What this task involves: Reproduce, word for word, the lines in the material below starting with the one that has "Довгі накладні нігті зі" and going on through the one that has "W8 Condo, Luxe". Leave out all pictures.

Input for this task:
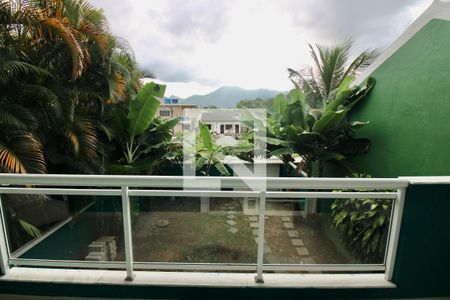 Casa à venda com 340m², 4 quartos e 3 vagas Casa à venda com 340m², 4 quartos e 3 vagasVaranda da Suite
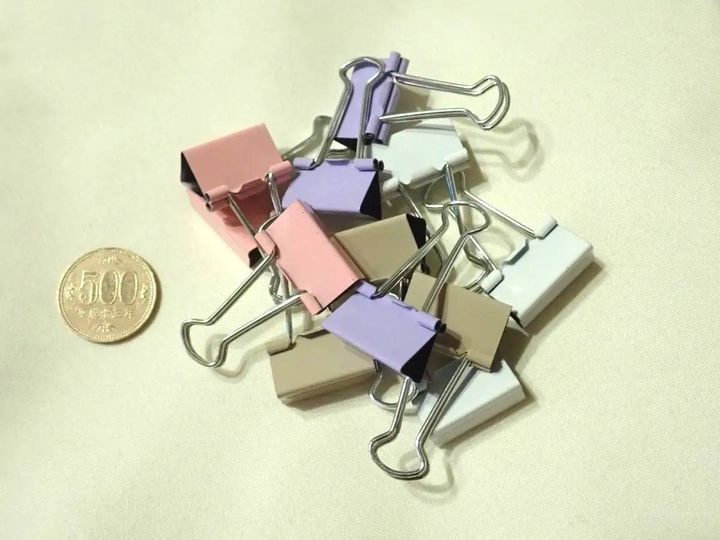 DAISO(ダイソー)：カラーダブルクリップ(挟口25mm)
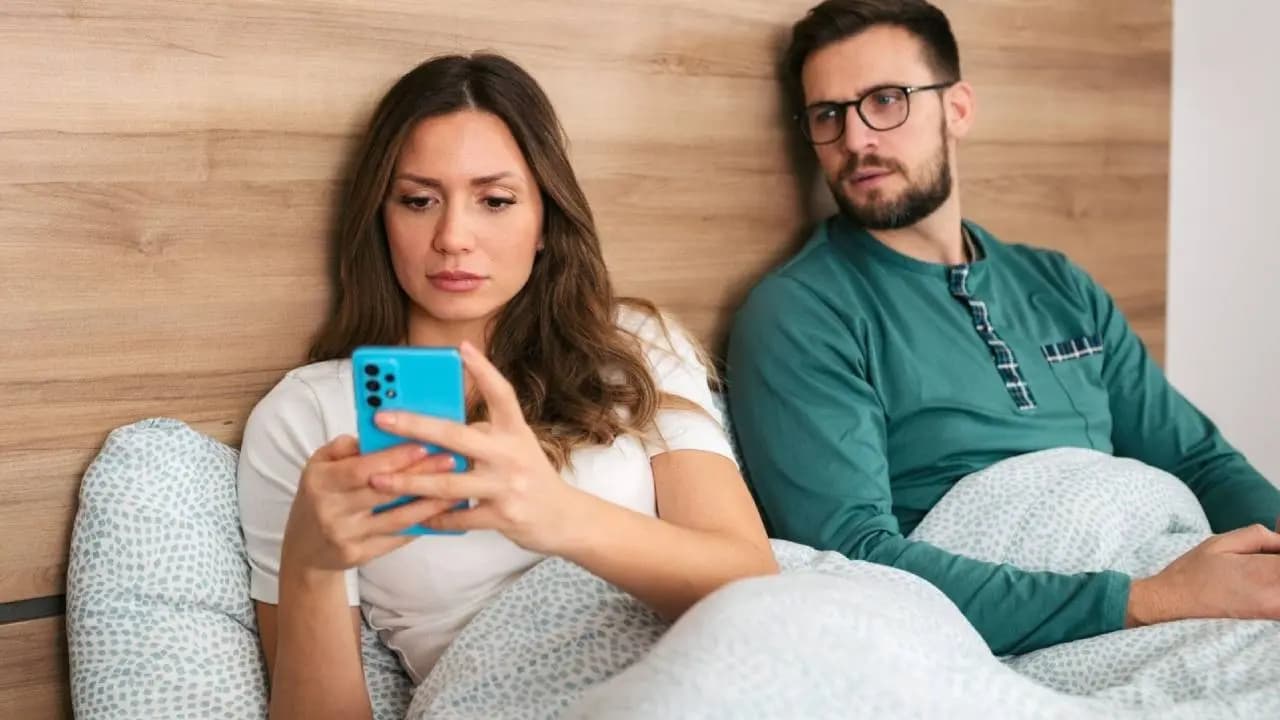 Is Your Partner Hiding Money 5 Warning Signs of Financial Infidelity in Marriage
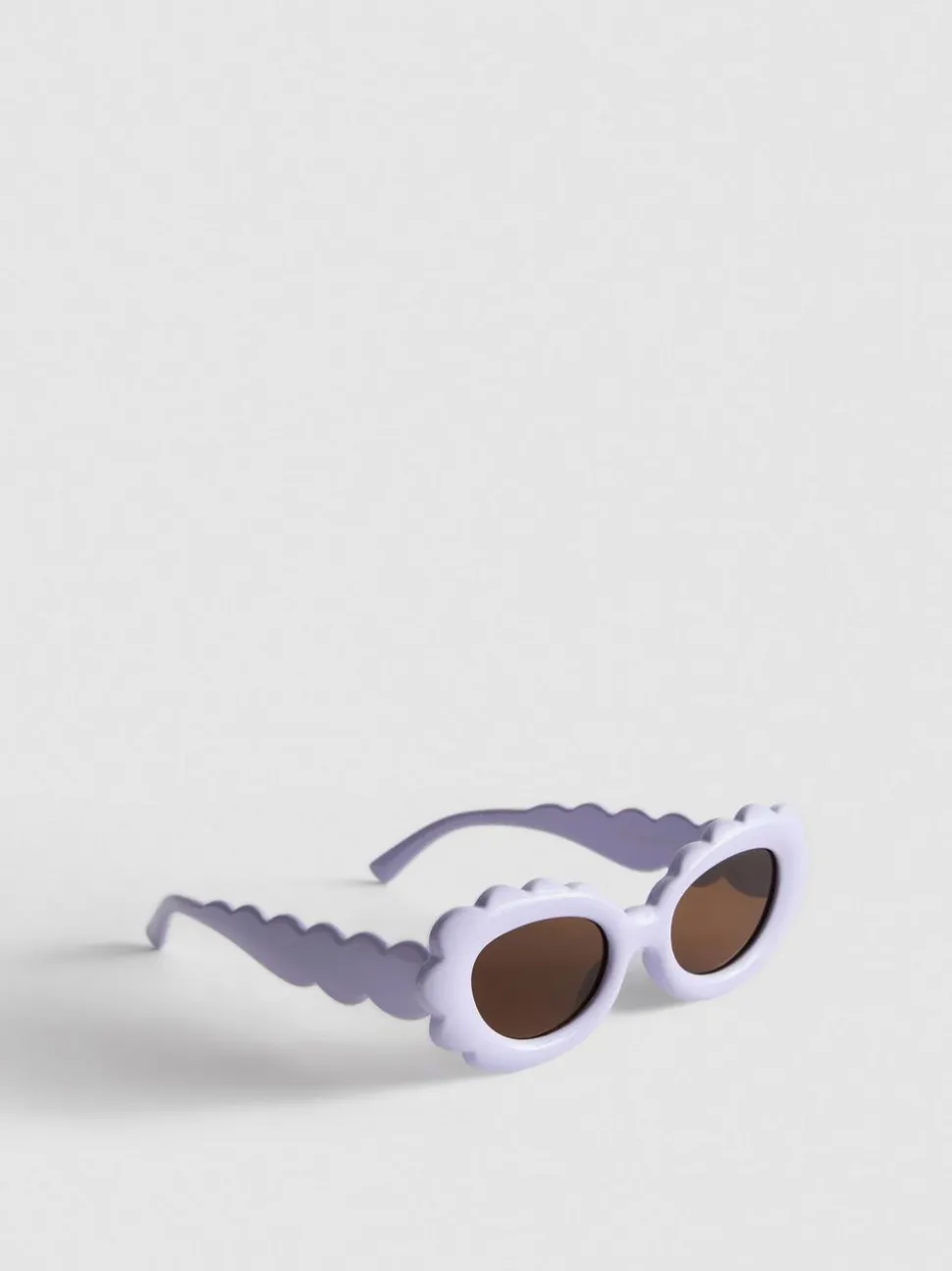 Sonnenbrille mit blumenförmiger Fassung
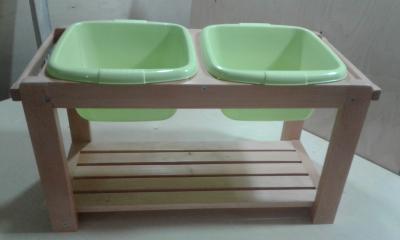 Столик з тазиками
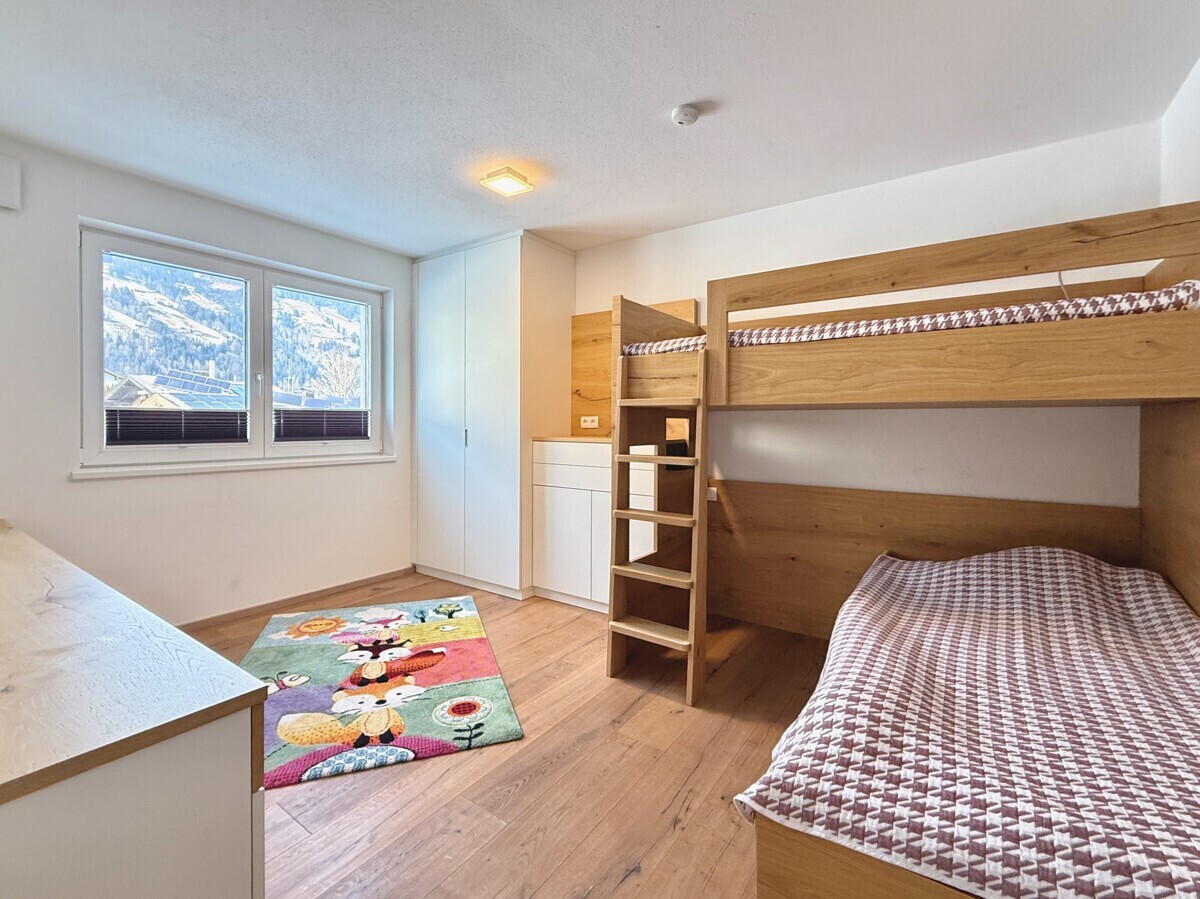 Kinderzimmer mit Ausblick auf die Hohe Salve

...

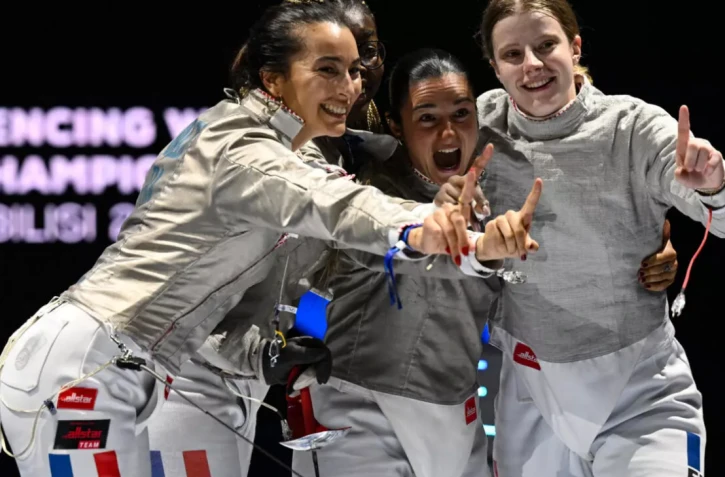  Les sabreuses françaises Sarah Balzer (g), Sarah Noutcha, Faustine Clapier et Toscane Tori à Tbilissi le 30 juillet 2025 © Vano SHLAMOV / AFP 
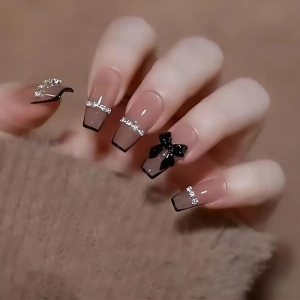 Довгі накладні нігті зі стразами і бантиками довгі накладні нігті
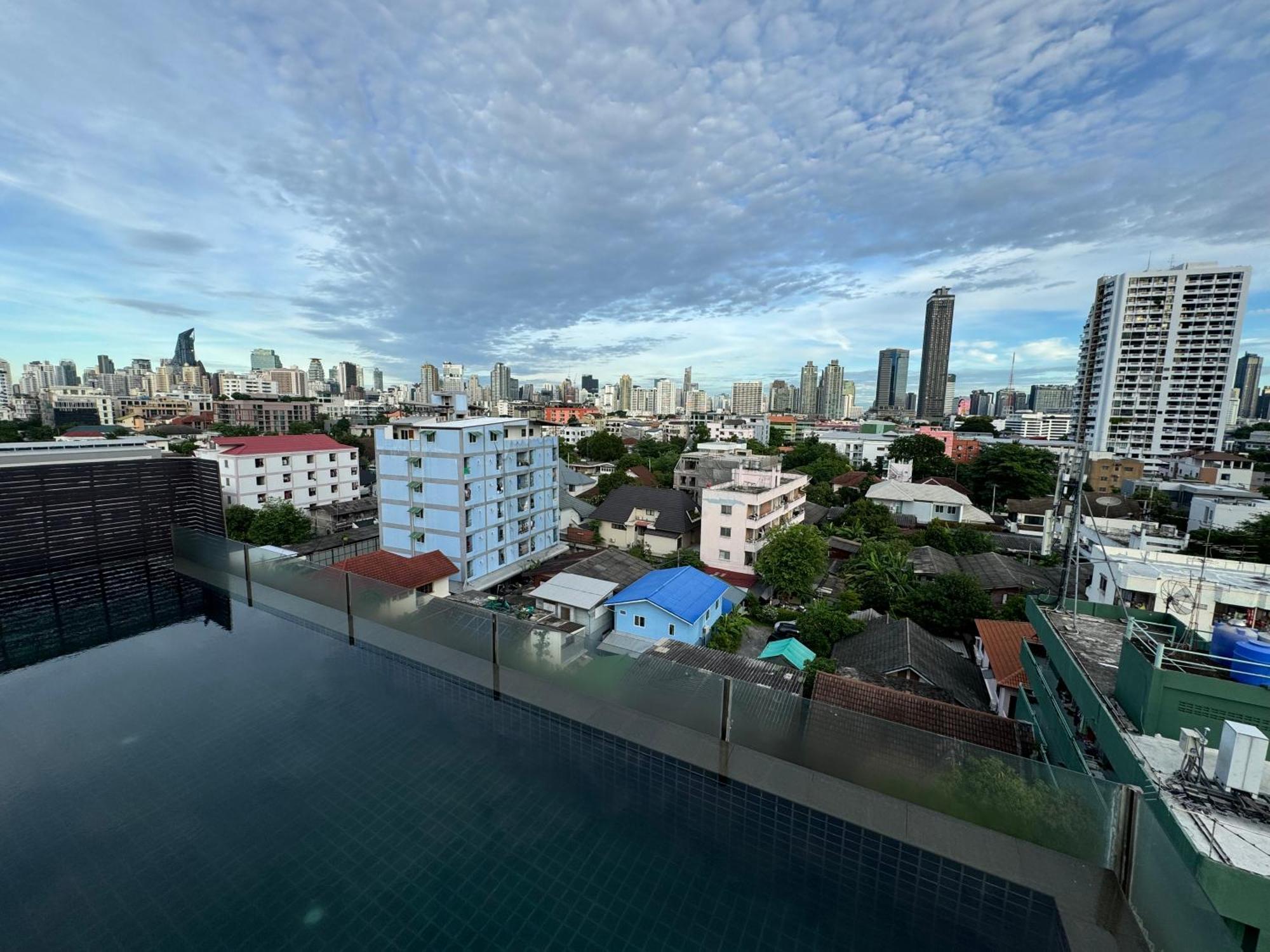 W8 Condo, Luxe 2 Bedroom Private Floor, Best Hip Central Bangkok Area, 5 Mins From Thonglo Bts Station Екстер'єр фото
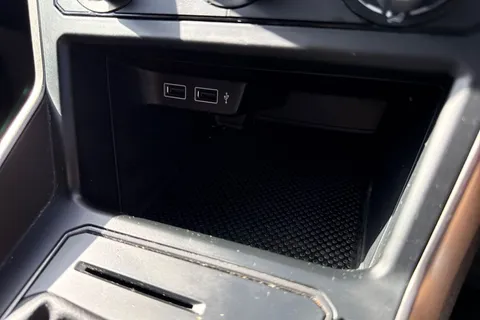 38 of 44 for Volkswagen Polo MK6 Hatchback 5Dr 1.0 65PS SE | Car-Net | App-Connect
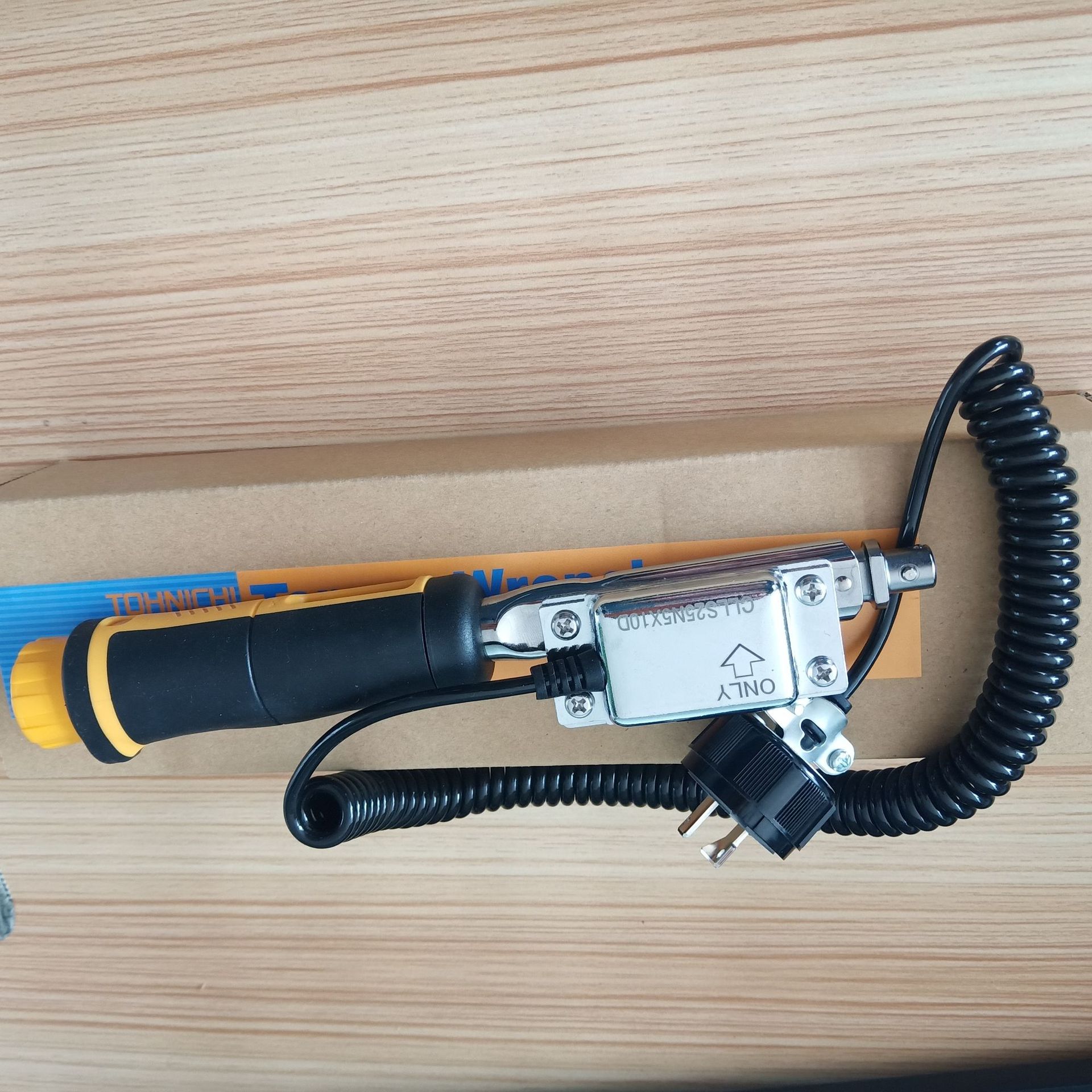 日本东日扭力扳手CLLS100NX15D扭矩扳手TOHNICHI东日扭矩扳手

Exercise response:
 Довгі накладні нігті зі стразами і бантиками довгі накладні нігті
 W8 Condo, Luxe 2 Bedroom Private Floor, Best Hip Central Bangkok Area, 5 Mins From Thonglo Bts Station Екстер'єр фото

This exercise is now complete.